Something else Stephen hated was MySQL. He hated it a lot. Postgres was way better in his opinion. Stephen hated MySQL so much that he stripped it out of all the Puppet files one day because he didn't think the company should be running it. Nevermind that he was editing the production files for another team, so the next time Puppet ran, the predictable outcome occurred. I believe that was one of the few times his actions had any direct consequences for him.

Beyond Stephen and his hatred of all things non-Python and MySQL, the deployment process was a true thing of horrifying beauty.

You see, one didn't simply just drop a WAR file into Tomcat and restart the server process. That'd be much too simple. When you deployed, you deployed everything. And when I say everything, I mean everything.

Apache? Compiled from source and re-installed. Java? Compiled from source and re-installed. Name a dependency other than Postgres and that ish was compiled from source and re-installed. Deploying any code change was a minimum 45-minute process. Heaven help you if a bug was found.

(Oh yeah, and of course Stephen's domain user couldn't be removed from Perforce or any of the build systems because all the scripts ran as his user. Nobody knew what might happen if his user was removed. To this day the company still exists after an acquisition and I'd bet good money that Stephen's user is still out there consuming CPU cycles.)

My takeaway from this experience is that this kind of environment is pretty common, and it's because of some basic psychology in people. Engineers don't want to look stupid and their social skills are often not developed. So when you meet someone with a strong personality who uses shouting to establish technical superiority, they can get a long way.
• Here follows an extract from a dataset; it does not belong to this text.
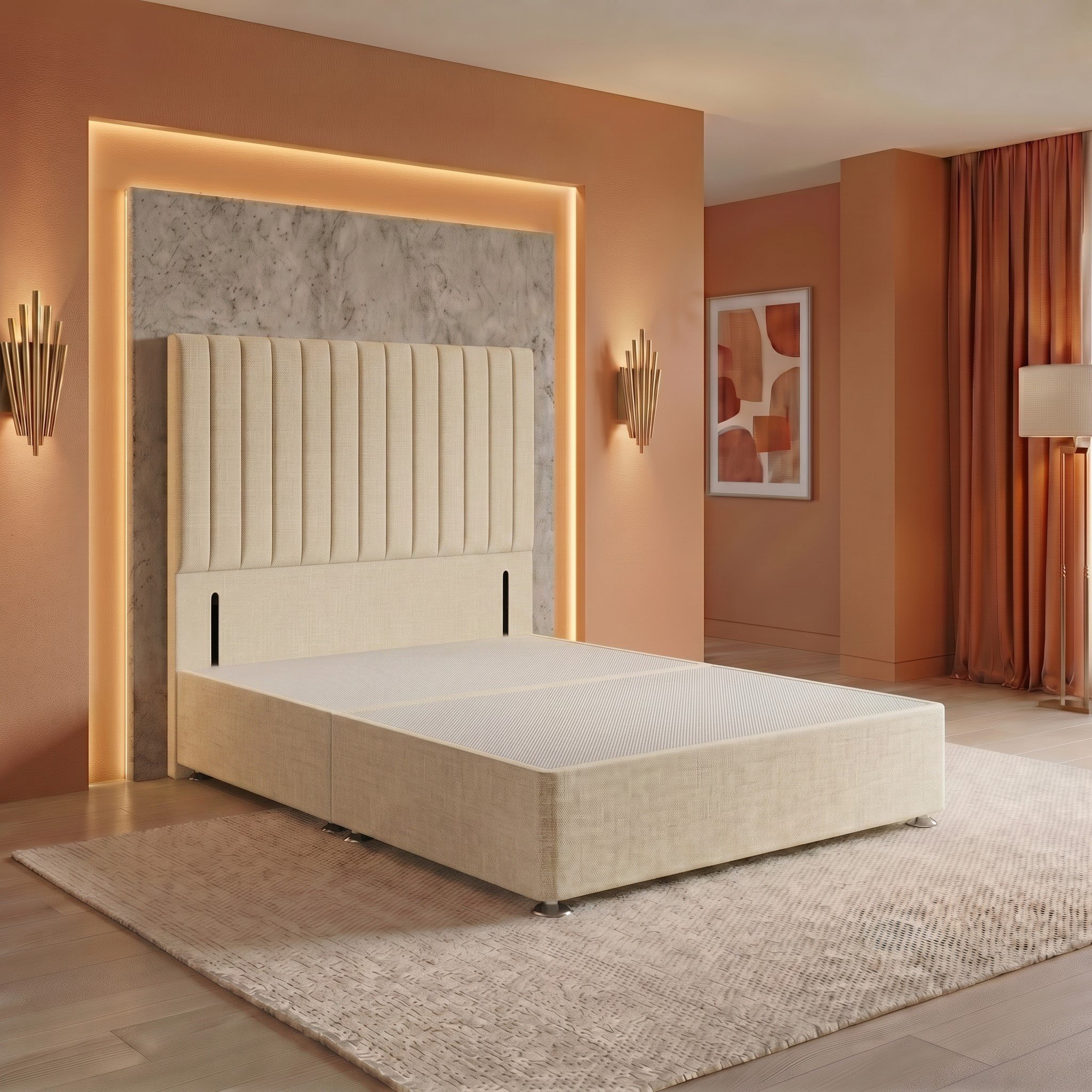 Somnior Heritage Linen King Divan Bed Base & 54" Headboard - Beige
I would kick Tom in the jingle berries... so hard ... that every time he ever came up with a crazy idea like this he would ache.
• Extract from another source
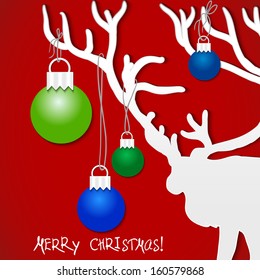 Christmas background with deer New year card for holiday design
Is there any easy way to recreate that blocked visualization of the JSON?

Didn't they have code reviews ?

Is that true story?

Really hoping this is a joke and fiction. At least I chuckled.

_And_ that short employment stint is a black-mark on Jake's resume. What an industry we have.

>> _And_ that short employment stint is a black-mark on Jake's resume. What an industry we have.

But now he can just point people to that WTF piece and say "that's what that was". Anyone who still considers it a black mark after that isn't worth working for.

I have a 5-month stint at a huge company on my resume - one that a lot of people would really like to work for. It comes up sometimes in interviews, but I've got a good story behind it and usually come off as capable and ambitious after explaining it.

If something raises a question, ask it. Don't just assume the worst of a candidate.

I agree. If a company isn't willing to give me the benefit of the doubt by asking, then maybe it's another place I'm not interested in working.

Why would Jake even list it on his resume? He was there two weeks, it's not worth it.